Выбрать главу

Но особенно хороши дешевые вещи с точки зрения декоративности. Если что и выдавало в моей тетушке любовь к красоте, так это милый ее сердцу старый цветник, хотя даже тут она остается у меня под подозрением. Ее любимыми цветами были тюльпаны — эти накрахмаленные гордецы в малиновых прожилках. Полевые цветы она презирала. Драгоценности ее походили на выставку благородных металлов. Знай она стоимость платины, она б только ее и носила. Цепи, кольца и броши тети Шарлотты приобретались на вес. Она б отвернулась от работы Бенвенуто Челлини, если бы в вещи было менее двадцати двух каратов. Акварель она презирала; картина в ее глазах должна была представлять собою огромное, писанное маслом бурое полотно какого-нибудь Старого Мастера. В углу столовой в усадьбе Бэббиджей стояла горка с хвастливо сияющей позолоченной посудой; ее огораживал плюшевый шнур, не позволявший посетителям толком рассмотреть чеканку: они лишь узнавали стоимость и шли дальше. Я не держу в доме богато разукрашенного искусства. По мне, прелесть искусства составляют такие необъяснимые вещи, как идеи, мастерство и талант. На фартинг краски и бумаги — и перед вами шедевр, как это делают японцы. Не беда, если он упадет в огонь. Он исчезнет, как вчерашний закат, — завтра будет новый.

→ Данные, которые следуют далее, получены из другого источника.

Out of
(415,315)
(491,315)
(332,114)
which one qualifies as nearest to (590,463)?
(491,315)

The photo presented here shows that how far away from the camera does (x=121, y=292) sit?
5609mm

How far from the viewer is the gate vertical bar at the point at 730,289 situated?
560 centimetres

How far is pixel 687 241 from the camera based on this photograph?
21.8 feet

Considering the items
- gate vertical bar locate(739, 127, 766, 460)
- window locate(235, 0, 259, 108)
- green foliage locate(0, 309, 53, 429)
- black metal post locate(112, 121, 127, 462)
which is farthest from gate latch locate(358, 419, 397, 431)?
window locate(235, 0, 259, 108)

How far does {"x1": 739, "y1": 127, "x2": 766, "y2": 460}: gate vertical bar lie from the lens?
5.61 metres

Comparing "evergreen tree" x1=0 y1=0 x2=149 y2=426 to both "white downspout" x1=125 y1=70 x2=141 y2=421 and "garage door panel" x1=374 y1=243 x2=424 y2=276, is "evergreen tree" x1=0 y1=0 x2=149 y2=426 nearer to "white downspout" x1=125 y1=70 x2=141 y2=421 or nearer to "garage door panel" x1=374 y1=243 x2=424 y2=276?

Японцы — истинные апостолы дешевизны. Греки жили, чтоб научить людей красоте, иудеи — нравственности, но вот явились японцы и принялись вдалбливать нам, что человек может быть честным, его жизнь — приятной, а народ — великим без домов из песчаника, мраморных каминов и буфетов красного дерева. Порой мне ужасно хотелось, чтоб тетушка Шарлотта пожила среди японцев. Она, конечно, обозвала бы их «горсткой ничтожеств». То, что у них столь употребима бумага и они носят бумажное платье и пользуются бумажными платками, преисполнило бы ее бесконечного презрения к ним. Как я ни старался, я не мог представить себе тетю Шарлотту в бумажном белье. Она питала истинную ненависть к бумаге. Ее молитвенник был напечатан на шелку, все книги переплетены в кожу и не так для красоты, как для прочности вправлены в металлический кант. Настоящее ее место было в древнем Вавилоне — сей основательный народ высекал на камне даже газеты. Я мысленно сравнивал ее с той царевной, которая носила одеяние из кованого золота. Мальчиком я считал, что скелет у нее из красного дерева. Но как бы там ни было, старушки уж нет, и к тому же она оставила мне свою мебель. Наверно, она перевернулась в гробу, когда я принялся распродавать ее имущество. Даже семейный фарфор понемногу исчез. Негодуя за дурное отношение к ее слишком фундаментальным вещам, тетка вечно наказывала меня, запирала в чулане, сажала на хлеб и воду, давала непосильные задания, и я, признаться, низко отметил ей за это. Если будете в Уокинге, вы убедитесь в этом собственными глазами. На могиле ее стоит простой легкий крест. Он кажется белым пятнышком между двух безобразных гранитных пресс-папье, которыми придавлены лежащие справа и слева. Временами я готов в этом раскаяться. Как я посмотрю ей в лицо на том свете: я ведь так ее оскорбил!

Род ди Сорно

Рукопись, найденная в картонке

А картонка принадлежала Ефимии. Ее содержимое было варварски раскидано обезумевшим мужем, которому до зарезу понадобился галстук и не хватало выдержки и терпения дождаться, пока придет жена и разыщет пропажу. Конечно, в картонке галстука не оказалось; хотя муж, как легко догадаться, перерыл ее снизу доверху. Галстука там не было, зато в руки ему попалась пачка бумаг, которые можно было просмотреть, чтобы скоротать время до прихода Главного хранителя галстуков. К тому же всего интересней читать то, что ненароком попадает вам в руки.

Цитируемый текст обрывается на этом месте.